[Short web captions]
<<<<

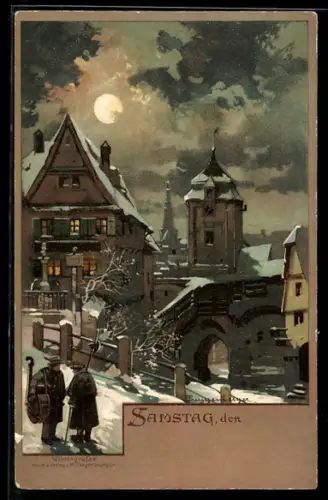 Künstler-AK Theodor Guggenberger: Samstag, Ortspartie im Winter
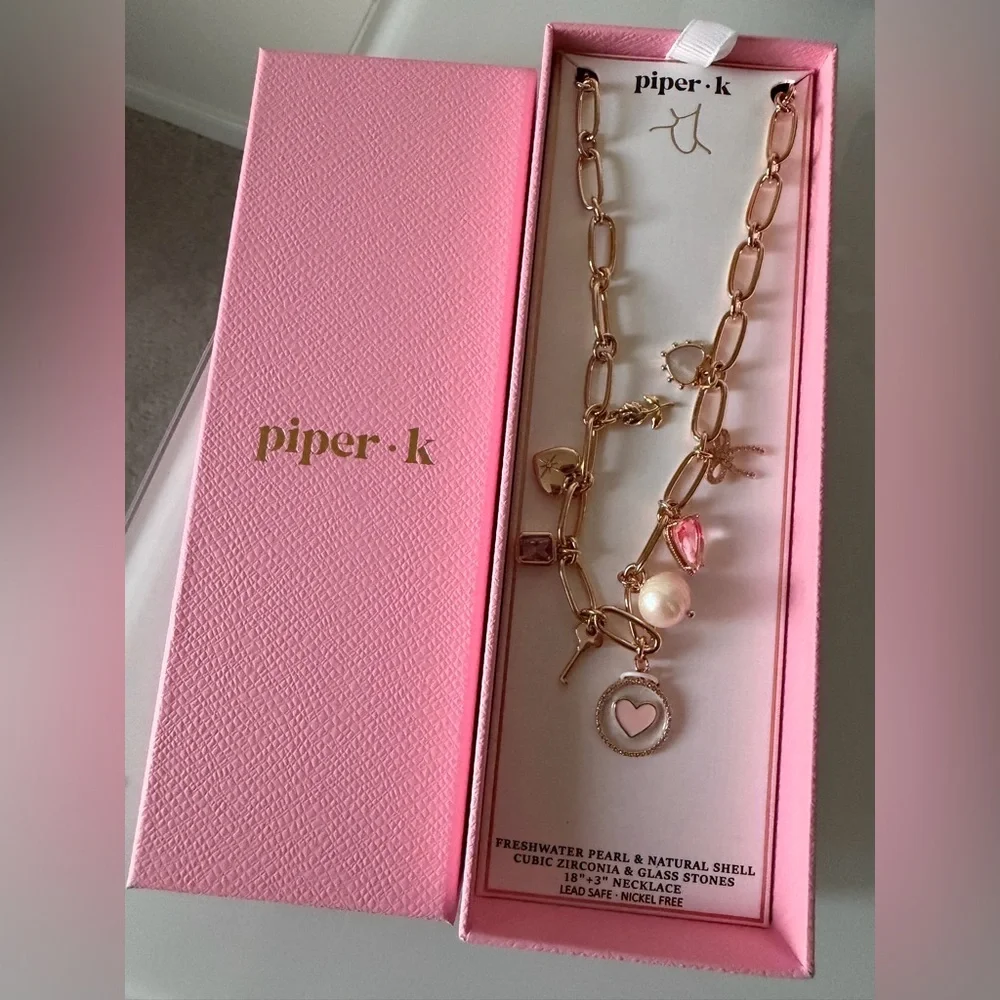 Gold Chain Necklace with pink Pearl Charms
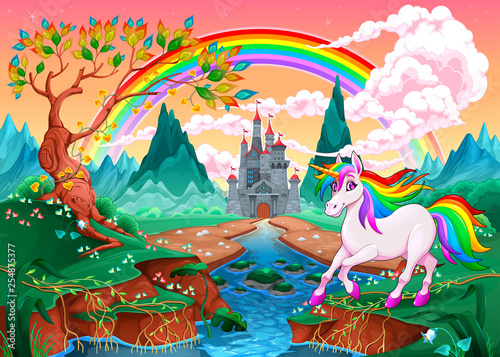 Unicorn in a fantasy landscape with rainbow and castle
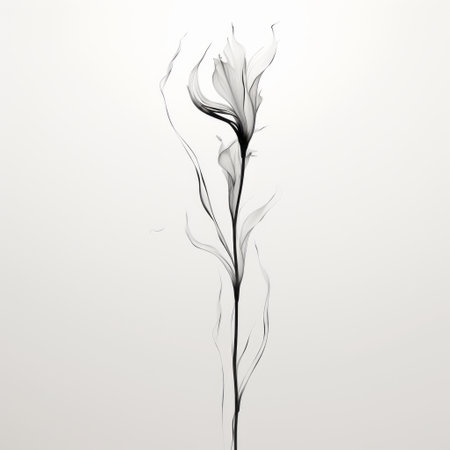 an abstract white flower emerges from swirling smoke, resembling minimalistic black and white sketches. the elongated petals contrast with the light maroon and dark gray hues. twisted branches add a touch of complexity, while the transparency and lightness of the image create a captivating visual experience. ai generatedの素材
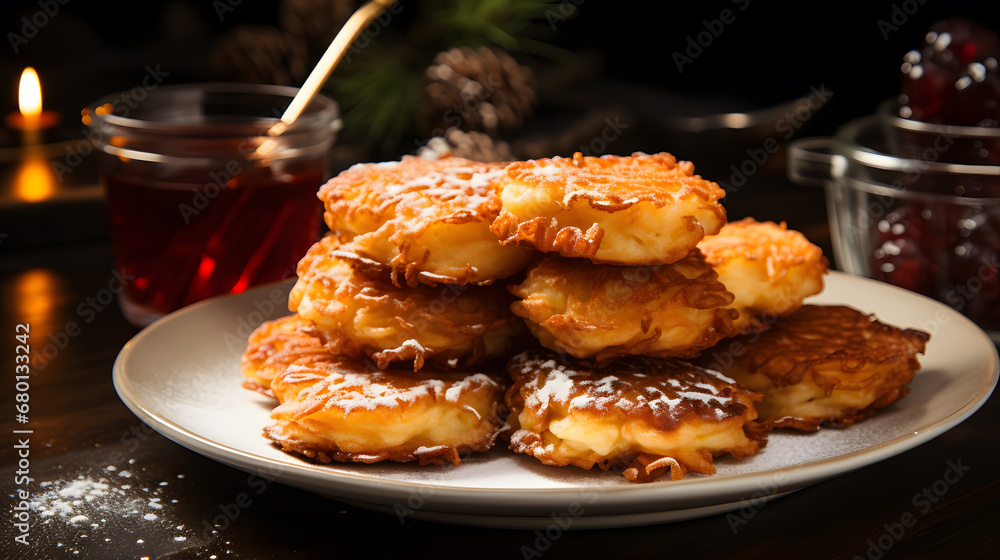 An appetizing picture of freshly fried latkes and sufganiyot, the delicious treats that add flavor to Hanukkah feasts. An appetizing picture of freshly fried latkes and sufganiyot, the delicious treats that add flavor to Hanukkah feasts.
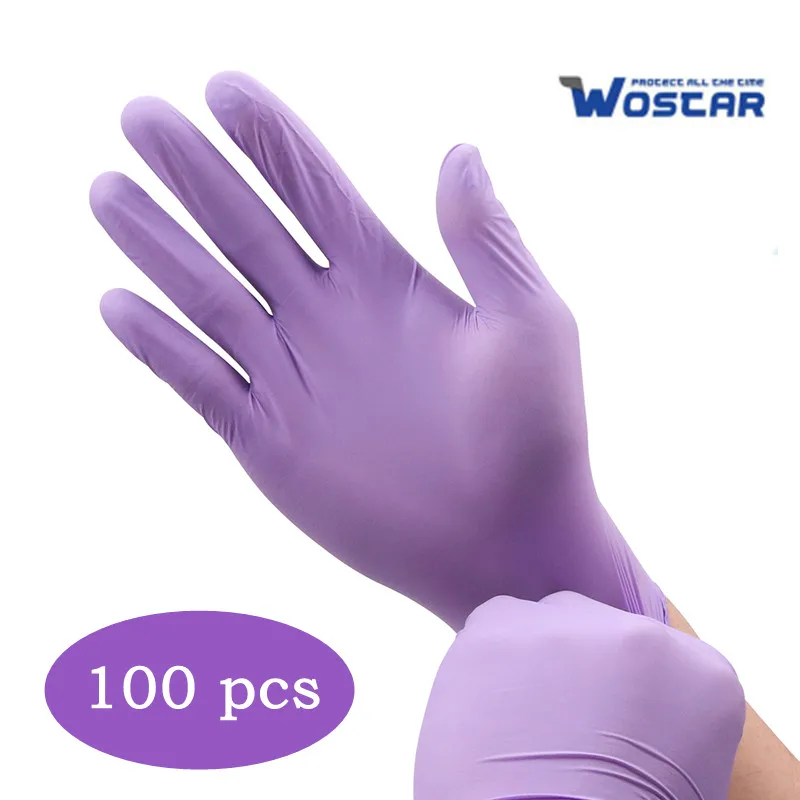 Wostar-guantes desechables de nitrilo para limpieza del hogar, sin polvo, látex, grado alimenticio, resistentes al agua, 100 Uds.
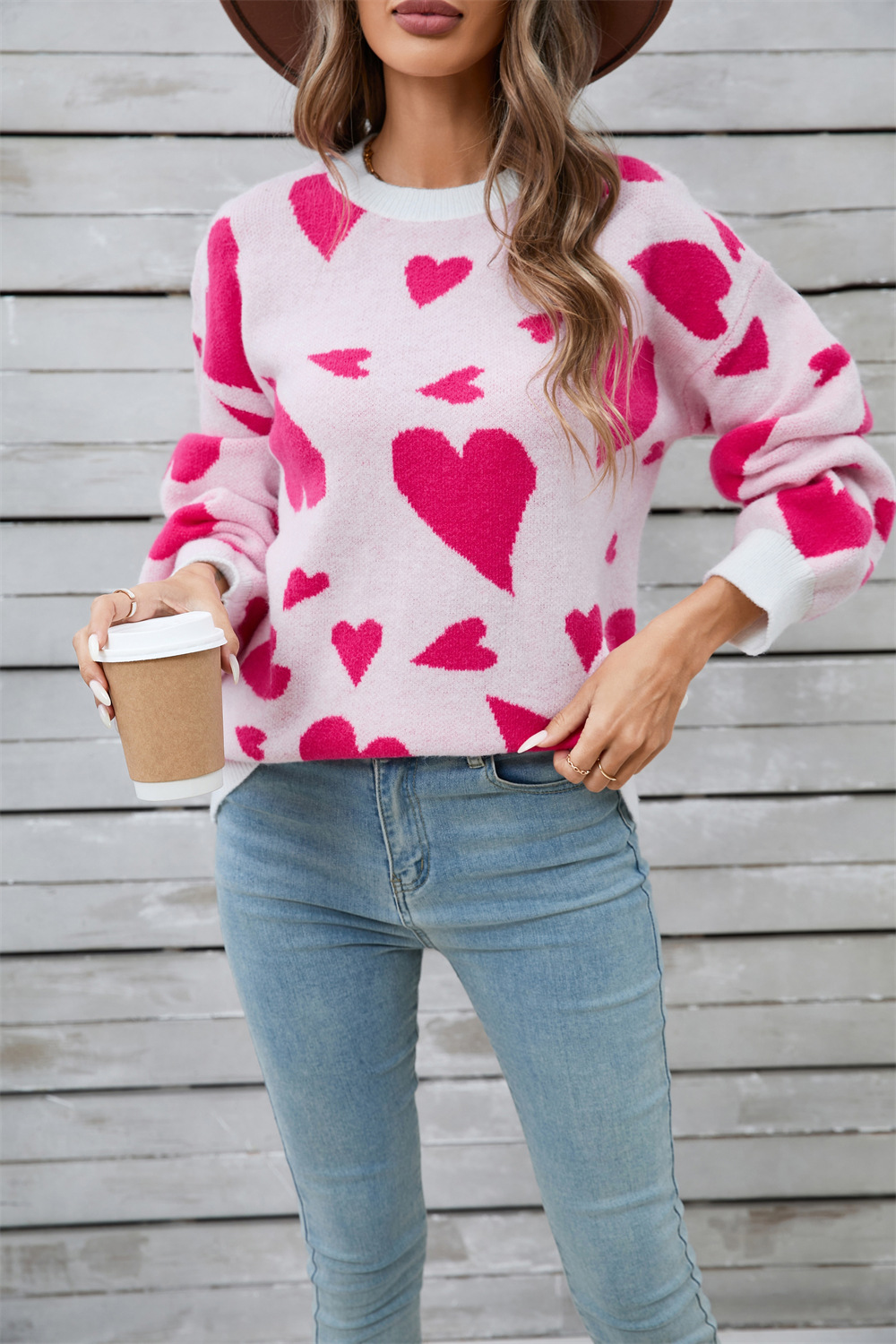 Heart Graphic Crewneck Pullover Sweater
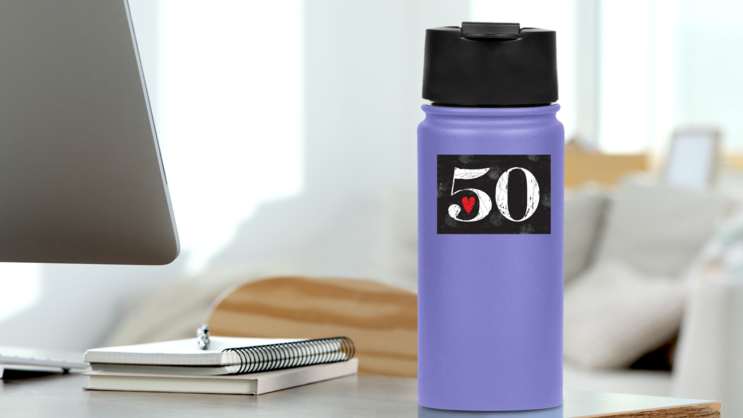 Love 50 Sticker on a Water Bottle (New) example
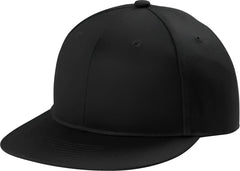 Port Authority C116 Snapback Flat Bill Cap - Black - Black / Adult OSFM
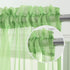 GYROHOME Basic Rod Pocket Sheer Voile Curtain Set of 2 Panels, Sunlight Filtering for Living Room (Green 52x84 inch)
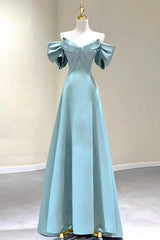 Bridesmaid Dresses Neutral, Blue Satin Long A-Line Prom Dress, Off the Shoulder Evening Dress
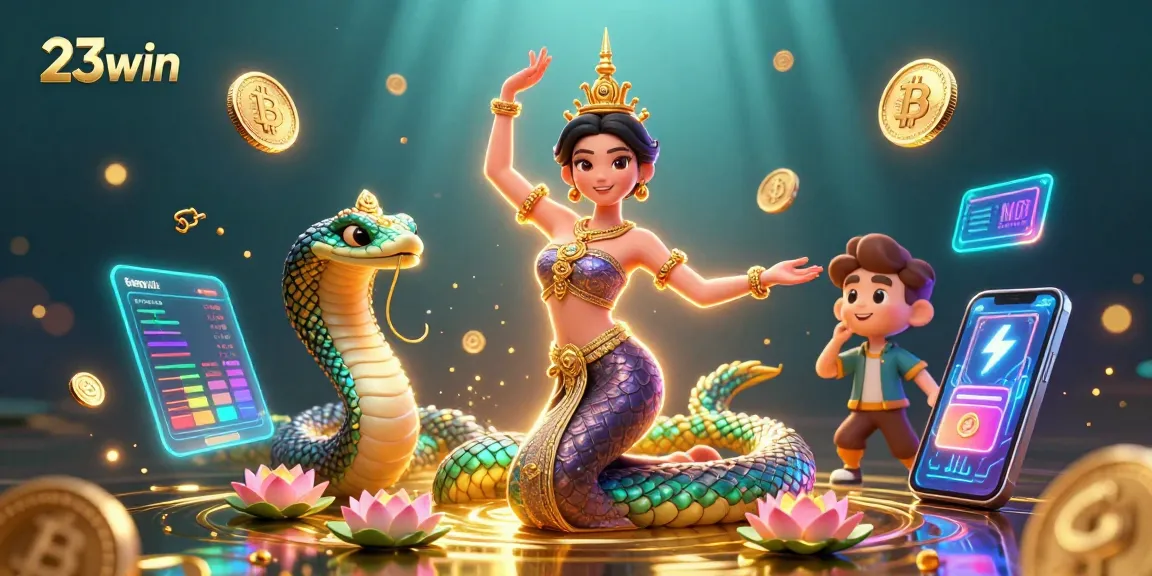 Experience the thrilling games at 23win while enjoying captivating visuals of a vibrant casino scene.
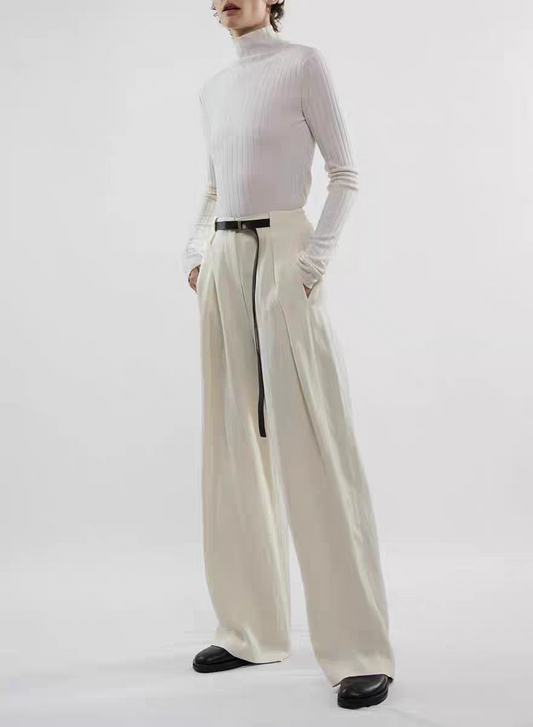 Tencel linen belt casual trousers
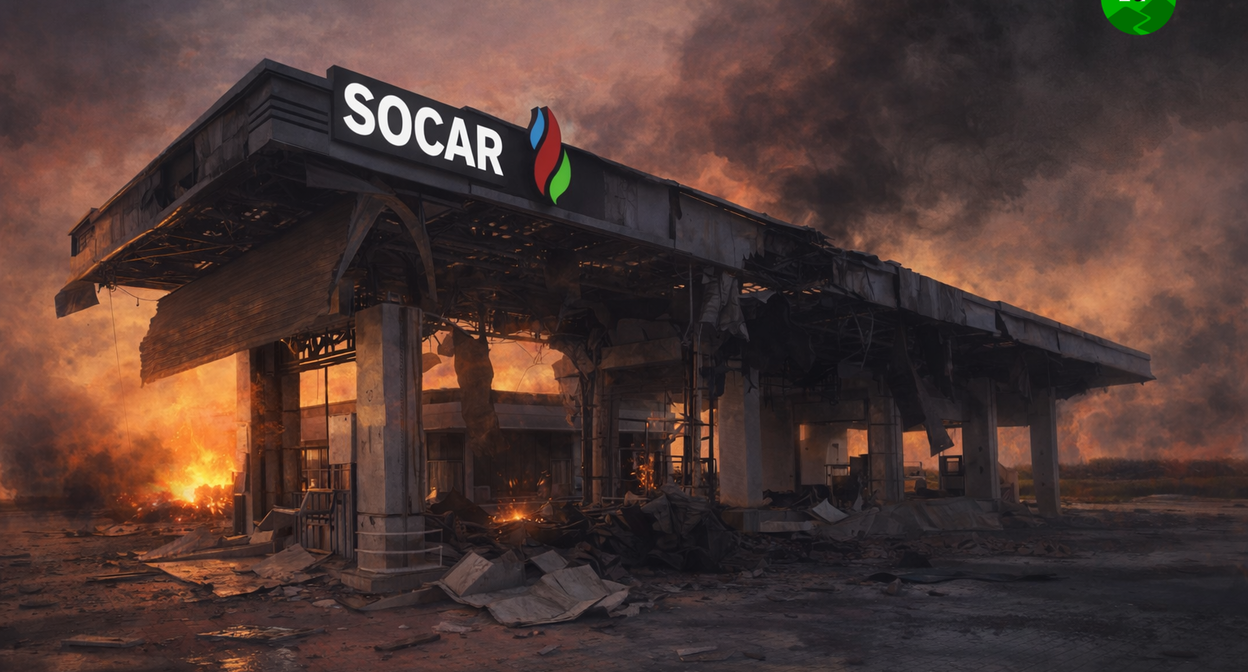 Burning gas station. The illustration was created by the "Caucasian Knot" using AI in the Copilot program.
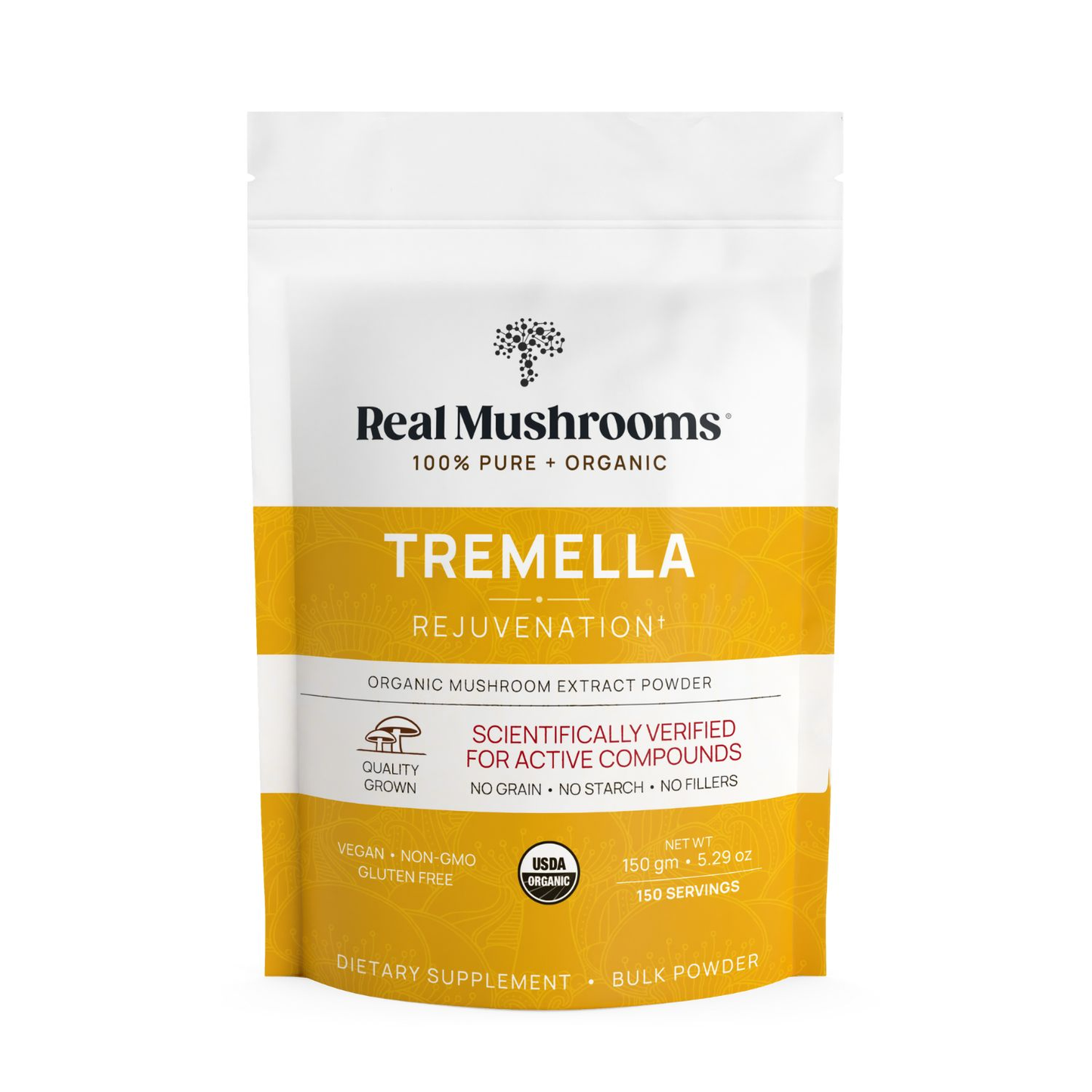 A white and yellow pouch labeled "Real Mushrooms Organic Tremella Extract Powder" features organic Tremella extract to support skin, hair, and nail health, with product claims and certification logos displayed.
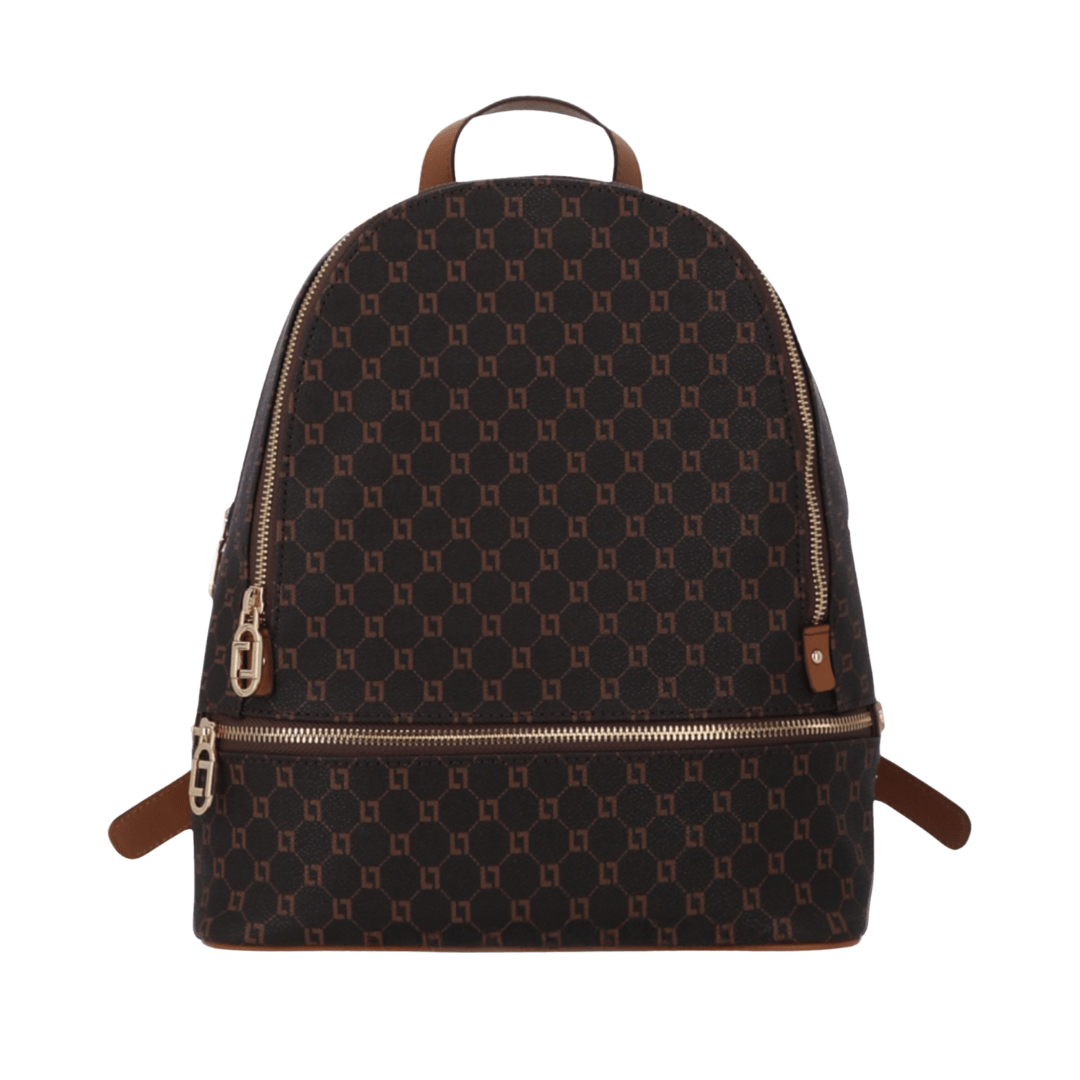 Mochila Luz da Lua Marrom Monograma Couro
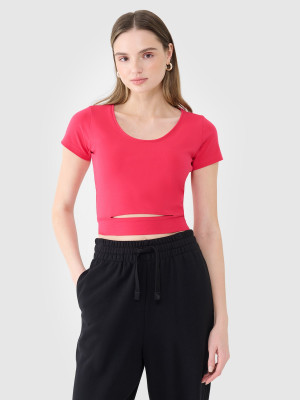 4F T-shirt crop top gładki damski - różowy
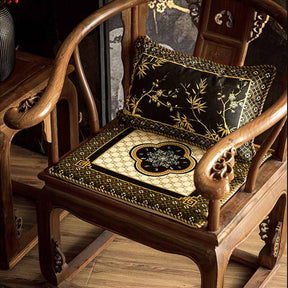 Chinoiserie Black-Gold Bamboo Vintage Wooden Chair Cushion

>>>>

Instructions to follow: An exact copy of the lines above from the one with "Experience the thrilling" up to and including the one with "Burning gas station." is required; reproduce only those lines, omitting all pictures.

Reply:
 Experience the thrilling games at 23win while enjoying captivating visuals of a vibrant casino scene.
 Tencel linen belt casual trousers
 Burning gas station. The illustration was created by the "Caucasian Knot" using AI in the Copilot program.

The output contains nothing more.